Dijital dönüşüm iş dünyasının, kamunun sürekli olarak konuşup tartıştığı çok önemli bir aşama. Dijitalleşmenin şirketlerimize, topluma ne tür faydalar sağlayacağını, ayrıntılarıyla, İstanbul Teknik Üniversitesi Endüstri Mühendisliği Bölümü Başkanı Prof. Dr. Alp Üstündağ ile konuştuk.

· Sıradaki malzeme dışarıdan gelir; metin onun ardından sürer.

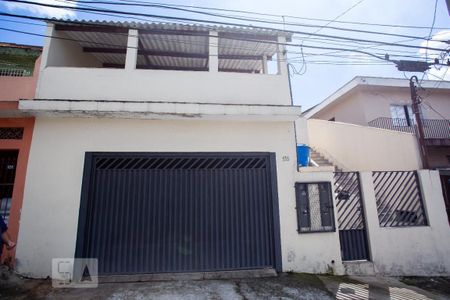 Casa à venda com 225m², 4 quartos e 2 vagas Casa à venda com 225m², 4 quartos e 2 vagasFachada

- Siz İstanbul Teknik Üniversitesi Endüstri Mühendisliği Bölüm Başkanısınız ve ayrıca İTÜ içindeki bir teknokentte akademisyen arkadaşlarınızla birlikte kurduğunuz işyerinde faaliyet gösteriyorsunuz. Burada nasıl çalışmalar yapıyorsunuz?

- Endüstri 4.0’ın temel teknolojilerinin geliştirilmesi ile ilgili çalışmalar yapıyoruz burada. Yaptığımız iş daha çok veri analitiği. Ayrıca dijital dönüşüm kapsamındaki temel teknolojilerle beraber karar destek sistemlerinin geliştirilmesine olanak sağlıyoruz. Bununla ilgili ürünler geliştiriyoruz.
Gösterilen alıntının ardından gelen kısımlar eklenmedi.